Linking of Digital Images to Phylogenetic Data Matrices Using a Morphological Ontology (original) (raw)

Images are paramount in documentation of morphological data. Production and reproduction costs have traditionally limited how many illustrations taxonomy could afford to publish, and much comparative knowledge continues to be lost as generations turn over. Now digital images are cheaply produced and easily disseminated electronically but pose problems in maintenance, curation, sharing, and use, particularly in long-term data sets involving multiple collaborators and institutions. We propose an efficient linkage of images to phylogenetic data sets via an ontology of morphological terms; an underlying, fine-grained database of specimens, images, and associated metadata; fixation of the meaning of morphological terms (homolog names) by ostensive references to particular taxa; and formalization of images as standard views.
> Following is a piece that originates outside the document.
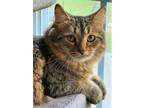 Adopt Grey a Brown Tabby Maine Coon (medium coat) cat in Greenville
The ontology provides the intellectual structure and fundamental design of the relationships and enables intelligent queries to populate phylogenetic data sets with images. The database itself documents primary morphological observations, their vouchers, and associated metadata, rather than the conventional data set cell, and thereby facilitates data maintenance despite character redefinition or specimen reidentification. It minimizes reexamination of specimens, loss of information or data quality, and echoes the data models of web-based repositories for images, specimens, and taxonomic names. Confusion and ambiguity in the meanings of technical morphological terms are reduced by ostensive definitions pointing to features in particular taxa, which may serve as reference for globally unique identifiers of characters. Finally, the concept of standard views (an image illustrating one or more homologs in a specific sex and life stage, in a specific orientation, using a specific device and preparation technique) enables efficient, dynamic linkage of images to the data set and automatic population of matrix cells with images independently of scoring decisions.